Jakiś czas temu otrzymaliśmy od Primaviki karton produktów do przetestowania - dzisiaj chcemy Wam kilka słów o nich napisać. Jeżeli jesteście ciekawi, czy przypadły nam do gustu, zapraszamy! :)
Od Primaviki dostaliśmy bardzo różnorodne produkty do przetestowania - zaczynając od smarowideł na kanapki, przez masła orzechowe, na daniach gotowych kończąc. Oferta firmy jest naprawdę bogata.
Samych past i pasztetów kanapkowych jest kilkanaście rodzajów - z ciecierzycą, z soczewicą, z kaszą jaglaną, warzywne, meksykańskie, z dodatkami np. bazylią, pieczarkami, ogórkiem czy koperkiem - do wyboru do koloru. Dodatkowo są różne rodzaje hummusów np. z suszonych pomidorów, paprykowy czy tradycyjny. Pasztety Primaviki znaliśmy już dużo wcześniej i niejednokrotnie je kupowaliśmy (zazwyczaj są dostępne popularne smaki, typu paprykarz wegetariański, pasztet z kaszą jaglaną, czy pasztet z ciecierzycą).

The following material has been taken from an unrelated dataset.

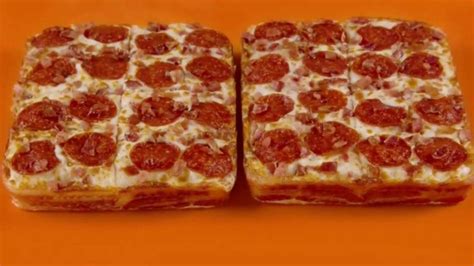 Little Caesars Cheese Deep Deep Dish Pizza Best Event In The World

Dzięki otrzymanym produktom mieliśmy okazję spróbować rzadziej dostępnych słoiczków, z bardziej wymyślnymi smakami.
Masła orzechowe to kolejna kategoria - wybór jest przeeeogromny i powinien zadowolić niejednego wybrednego kupującego - mix orzechowy crunchy, masło pistacjowe, masło z prażonych orzechów laskowych, masło tradycyjne (bez dodatku soli i cukru). Masła doskonale sprawdziły się nie tylko jako smarowidło na kanapki, ale też do własnej produkcji słodyczy:
Na koniec zostawiliśmy gotowce - czyli dania główne, które wystarczy odgrzać i obiad można podawać na stół. Znajdziemy tam proste dania typu ciecierzyca, fasolka czy soja w sosie pomidorowym. Ale są też takie frykasy jak strogonow, bitki, steki, pulpety czy sznycel - co kto lubi. Jest to bardzo wygodne, kiedy nie mamy czasu na gotowanie, albo po prostu mamy lenia i nic nam się nie chce, a jeść przecież trzeba :)
Pasztety i gotowe dania świetnie sprawdziły nam się podczas wypadu w Bieszczady, gdzie wegańskie jadło nie jest zbyt popularne (aczkolwiek Chata Wędrowca nie zawiodła i codziennie można było zjeść smaczny obiad :). Tak samo w domu, w chwilach kryzysu sięgaliśmy po słoik i voila!
Jeżeli jesteście spragnieni nowych smaków roślinnych potraw, to sięgnijcie po szeroką gamę produktów Primaviki. Nawet jeśli nie wszystkie przypadną Wam do gustu, to tak obfita różnorodność z pewnością pozwoli Wam wybrać najulubieńsze :)
Naszymi faworytami z każdej kategorii są: hummus z suszonych pomidorów, masło bez soli i cukru oraz bitki. Dajcie znać jakie są Wasze typy.
Post powstał we współpracy z firmą Primavika.